▶ PROBLEM STATEMENT
The whole listing should be retyped word for word, apart from the pictures it holds.

▶ EXTRACTED DATA
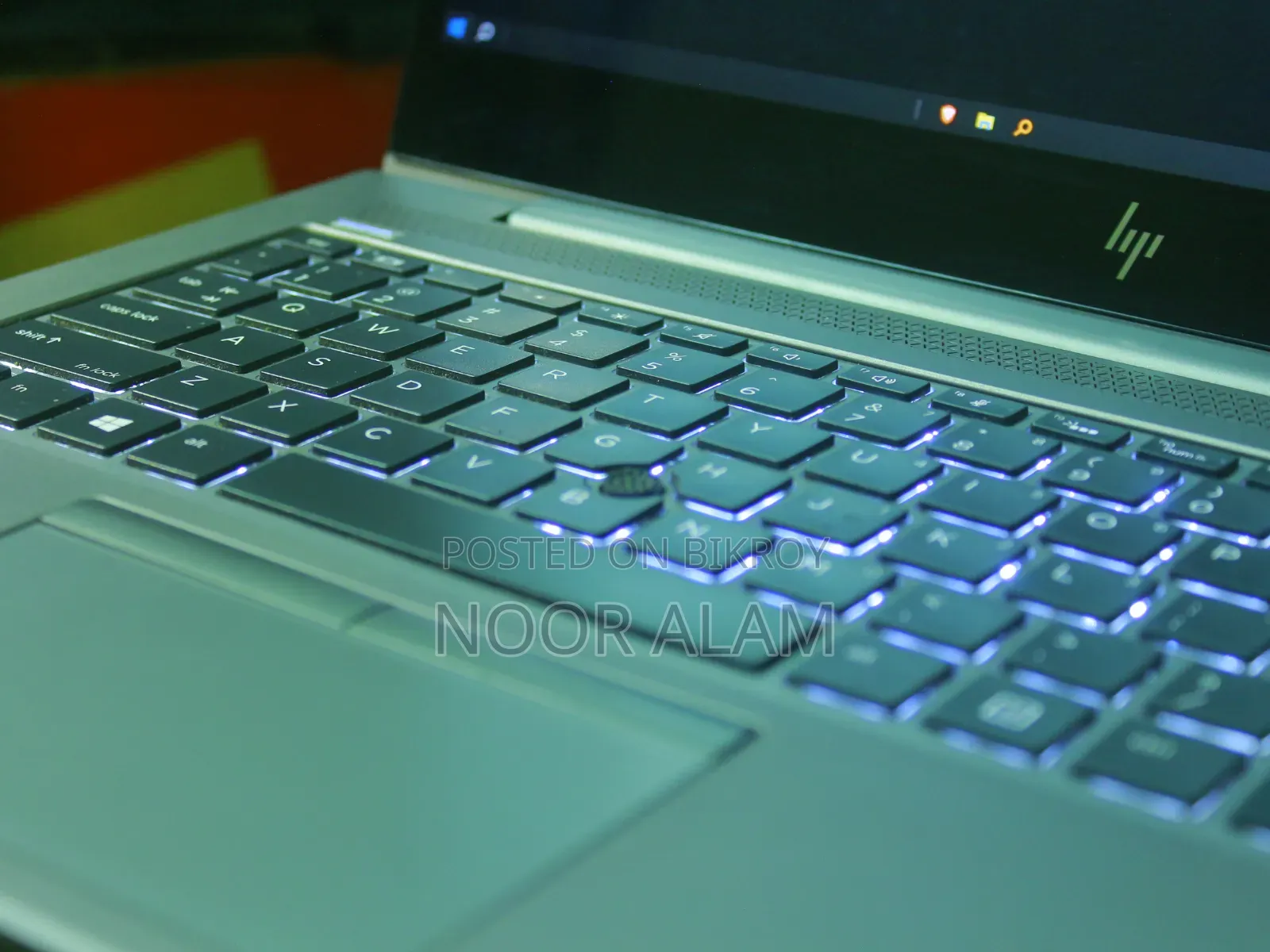 Laptop HP ZBook 14u G5 16GB Intel Core I5 SSD 256GB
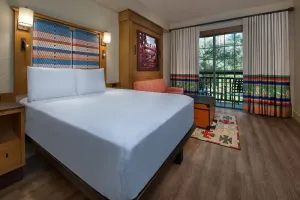 Image of Copper Creek Villas and Cabins at Disneys Wilderness Lodge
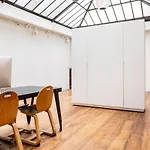 Charming Chic In Upper Marais 160m Apartmán Paříž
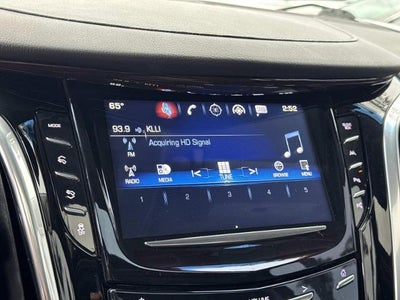 2020 Cadillac Escalade Luxury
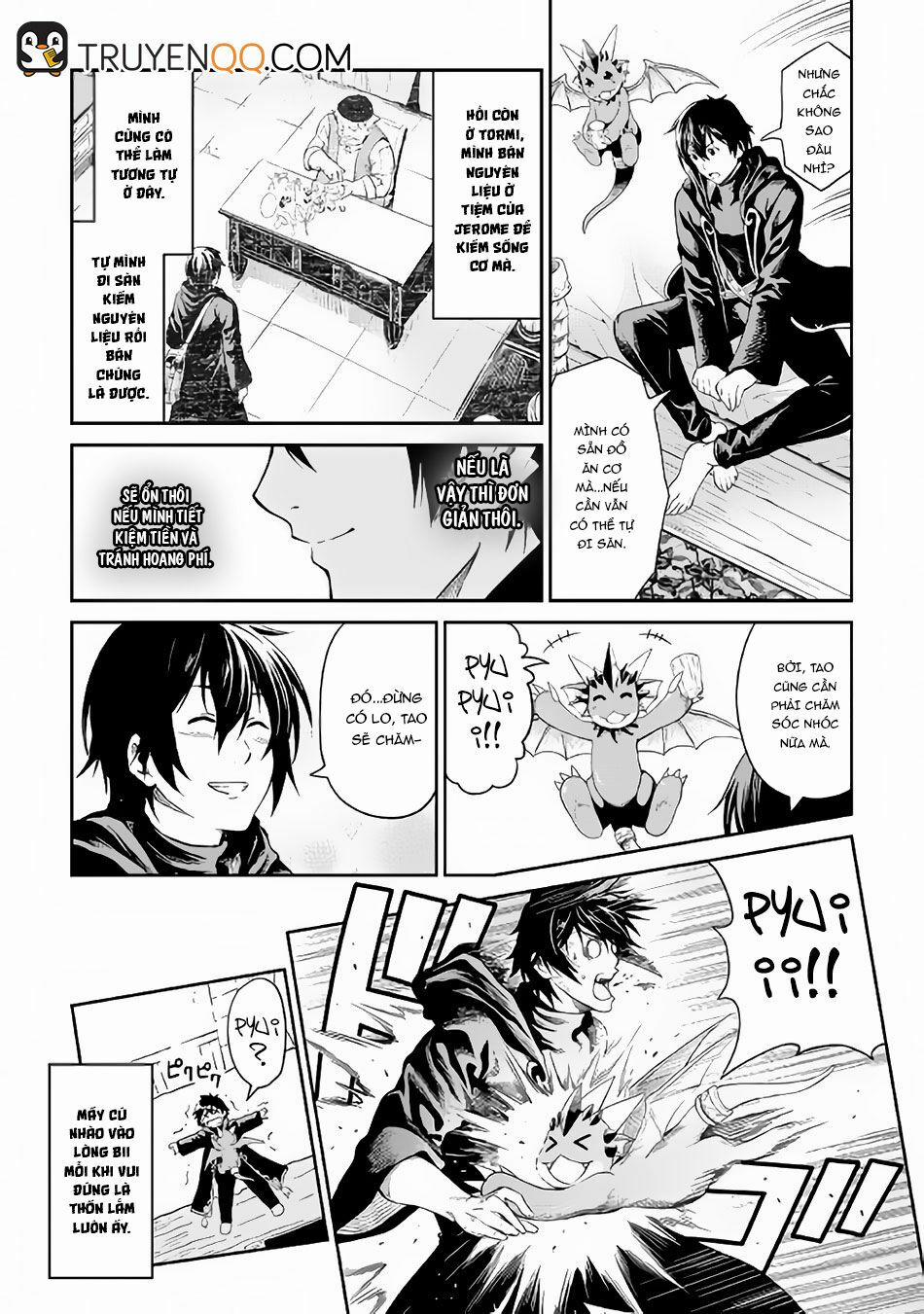 Sozai Saishuka No Isekai Ryokouki 14 trang 28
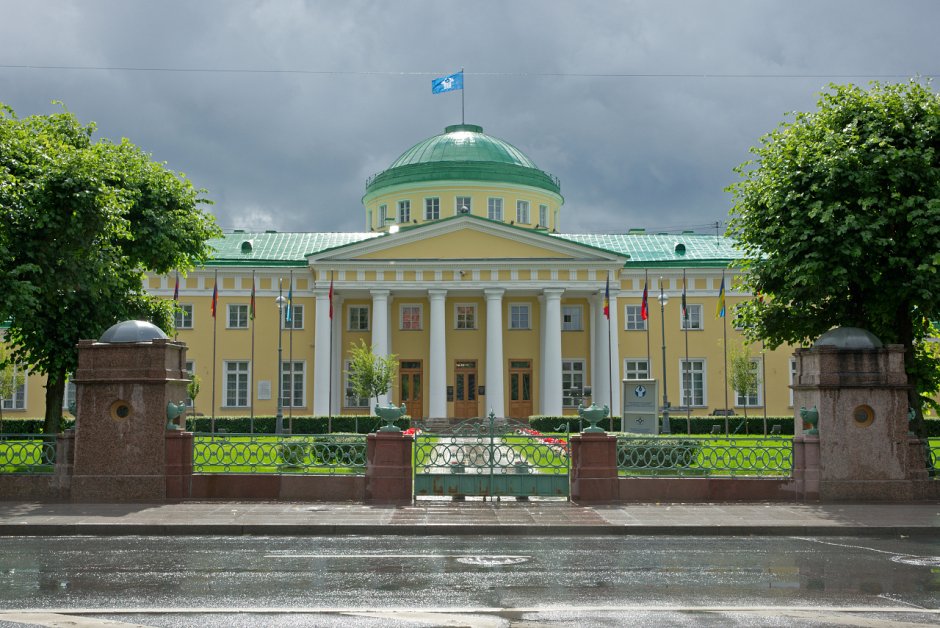 Старов Архитектор Таврический дворец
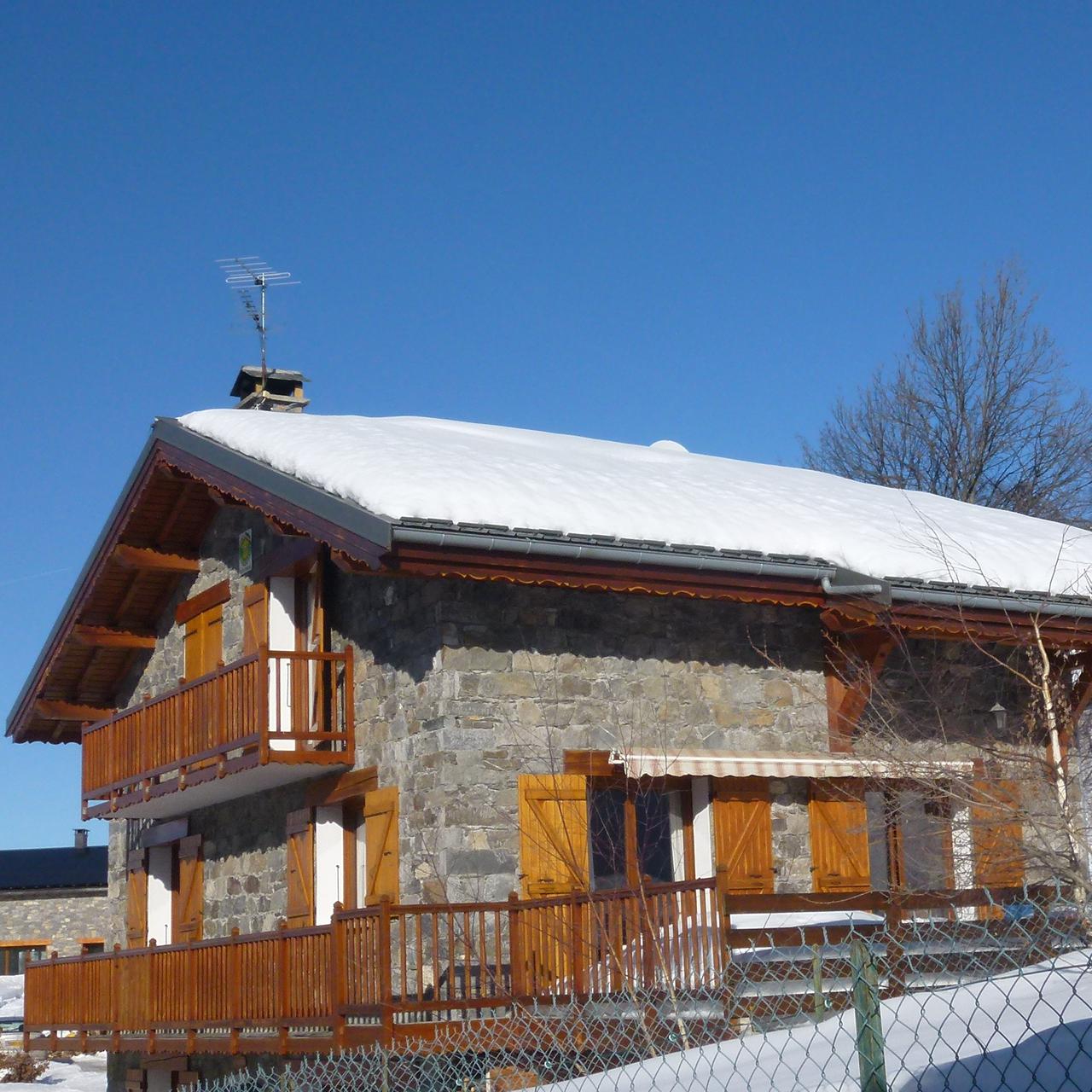 Chalet Flocon de Belleville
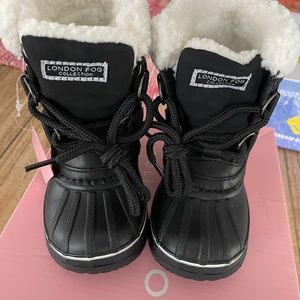 Winter boots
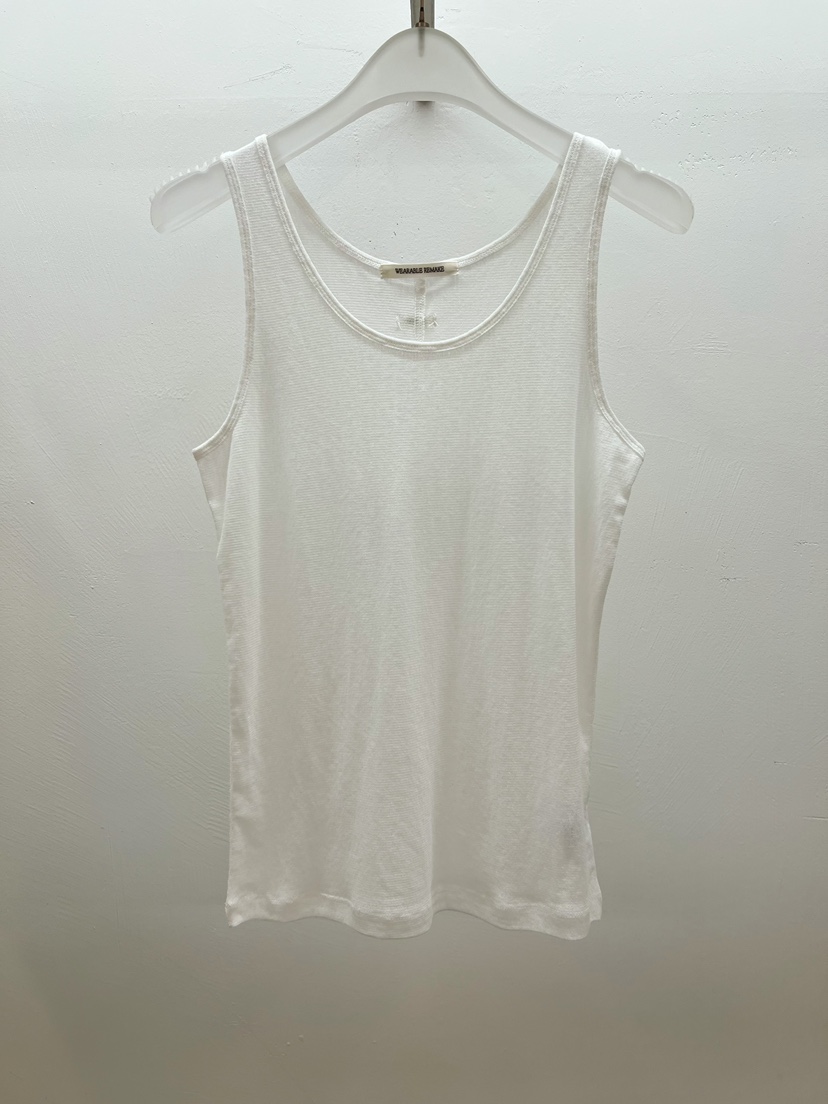 WEARABLE-L直郵韓國代購㊣女裝新款熱賣25春夏時尚吊帶背心WEARABLE吊帶/背心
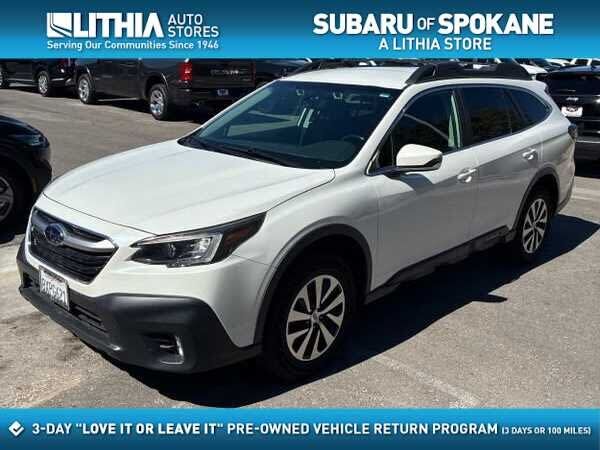 2022 SUBARU Outback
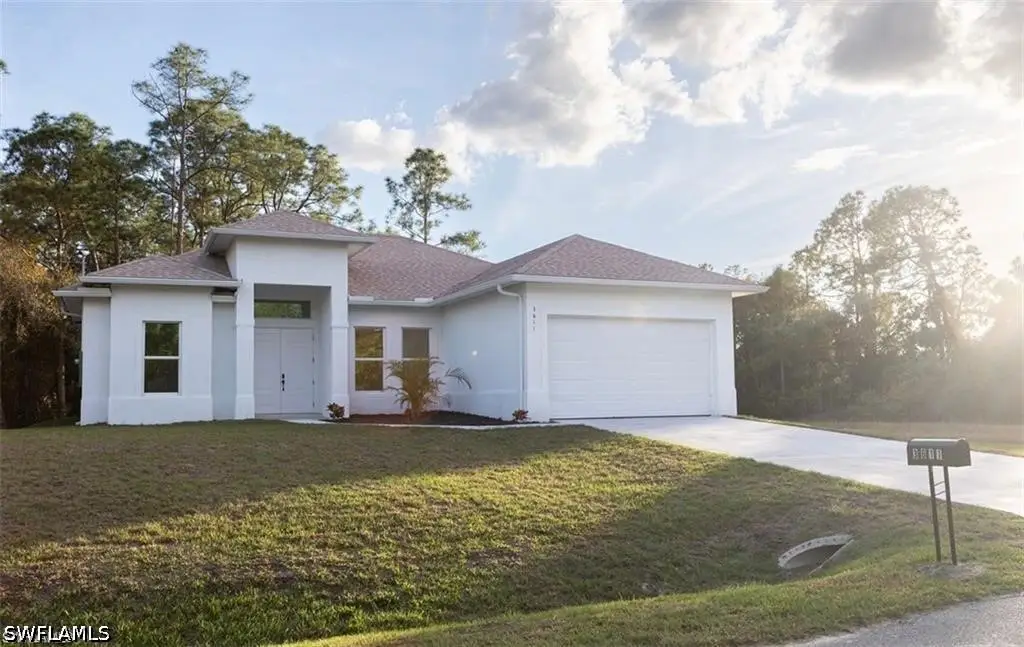 3611 56th Street W, Lehigh Acres, FL 33971 - #1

▶ RESULT FOR THIS TASK
 Laptop HP ZBook 14u G5 16GB Intel Core I5 SSD 256GB
 Image of Copper Creek Villas and Cabins at Disneys Wilderness Lodge
 Charming Chic In Upper Marais 160m Apartmán Paříž
 2020 Cadillac Escalade Luxury
 Sozai Saishuka No Isekai Ryokouki 14 trang 28
 Старов Архитектор Таврический дворец
 Chalet Flocon de Belleville
 Winter boots
 WEARABLE-L直郵韓國代購㊣女裝新款熱賣25春夏時尚吊帶背心WEARABLE吊帶/背心
 2022 SUBARU Outback
 3611 56th Street W, Lehigh Acres, FL 33971 - #1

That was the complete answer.